• What the exercise asks
Your copy of the data should match it exactly, except that the pictures are gone.

• Input data
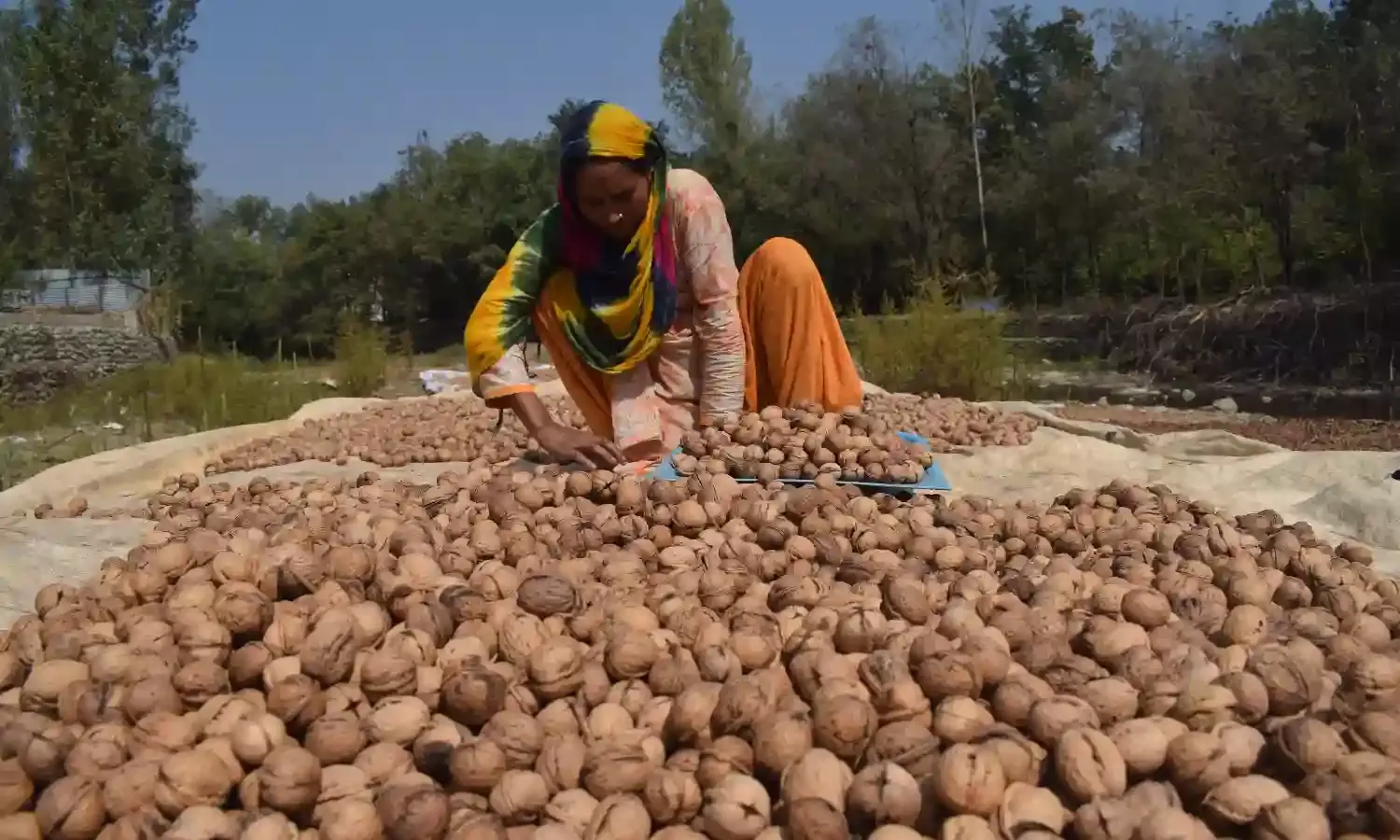 Eat Local Organic Walnuts, say Kashmir Farmers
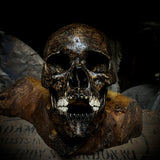 Human skull with mandible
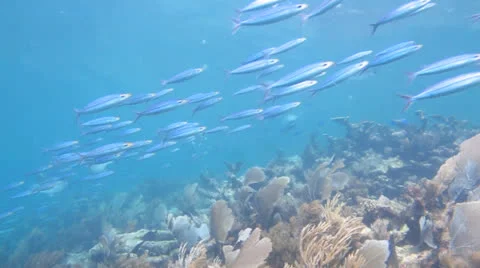 Boga (Haemulon vittatum) Stock Footage 24635078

• Response for this exercise
 Eat Local Organic Walnuts, say Kashmir Farmers
 Human skull with mandible
 Boga (Haemulon vittatum) Stock Footage 24635078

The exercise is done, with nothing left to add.